ケーブルの盗難対策に一役
古河電工、アルミケーブル販売強化
太陽光発電所の銅線ケーブルの盗難被害が多発するなか、古河電工グループの古河電工産業電線(東京都荒川区、小塚崇光社長)がアルミケーブルの販売を伸ばしている。盗難対策の手立てになるようだ。
古河電工産業電線は2018年に現行のアルミケーブルの製造を開始し、販売会社のSFCCを通じて拡販してきた。22年度のアルミケーブルの売上高は前年度比倍増の約8億円に達し、23年度はさらに2倍の伸びを見込む。工場や物流施設のほか、太陽光発電所で多く採用されており、太陽光発電所向けの売上比率は全体の3割を占めるという。
アルミケーブルは、銅線ケーブルよりも軽く、施工性が高いことに加え、アルミの資源量が豊富なため、市況が安定している。銅線ケーブルよりも導電性が低く、1サイズ大きくする必要はあるが、それでも銅の市況が高騰しているだけに、価格優位性があるようだ。
同社営業本部企画部アルミ拡販プロジェクトチームの佐藤仁チーム長は、「アルミケーブルの導入を検討する事業者が増えている。特別高圧太陽光発電所の開発を控える事業者だけでなく、銅線ケーブルの盗難に遭った既設発電所の事業者からの相談も多い」と話す。
つまり、アルミの市場価格は銅の約4分の1と安価なため、換金時の価値が低いアルミケーブルを使えば、盗難対策になり得るわけだ。北関東を中心に盗難被害が相次ぐなか、同社のアルミケーブルを導入する事業者が増え、23年度の既設発電所向けの受注量はすでに前年度実績を大きく上回っているという。
盗難対策には、防犯カメラや各種センサ、車止めの設置のほか、警備システムの導入や巡回の強化などの方法もあるが、あるO&M大手の幹部は、「発電所の立地によって方法は異なり、抜本的な対策が難しい場合もある」と明かす。
ならば、アルミケーブルの採用は有効な盗難対策になるのかもしれない。ただ、盗難被害後の保険適用時に原状回復を求められることが多く、アルミケーブルに置き換え難い事情もあるようだ。

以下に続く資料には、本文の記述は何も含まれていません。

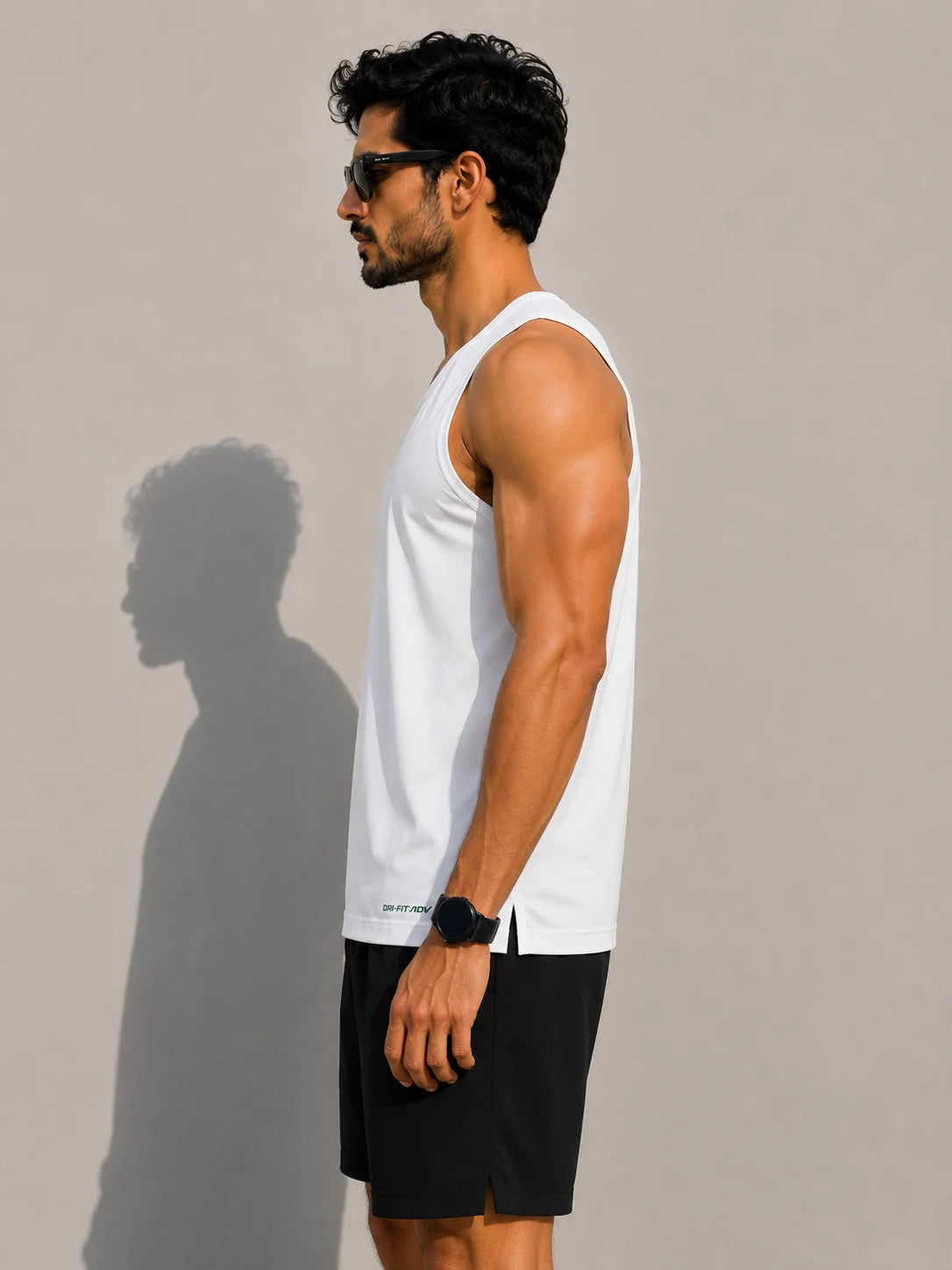 Men's Dry-Fit Gym Vest | Sleeveless Sports Tank Top | Lightweight & Breathable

一方、古河電工産業電線の堀内文彦専務取締役は、「ここ数年で部材・機器メーカーによるアルミケーブル対応品の開発が進み、導入しやすい環境が整備されてきた」と話す。
盗難被害後に関わらず、分散型パワーコンディショナのリパワリング(改修による発電増)や交換の際にケーブルを換えてみてもよいのかもしれない。検討の余地はありそうだ。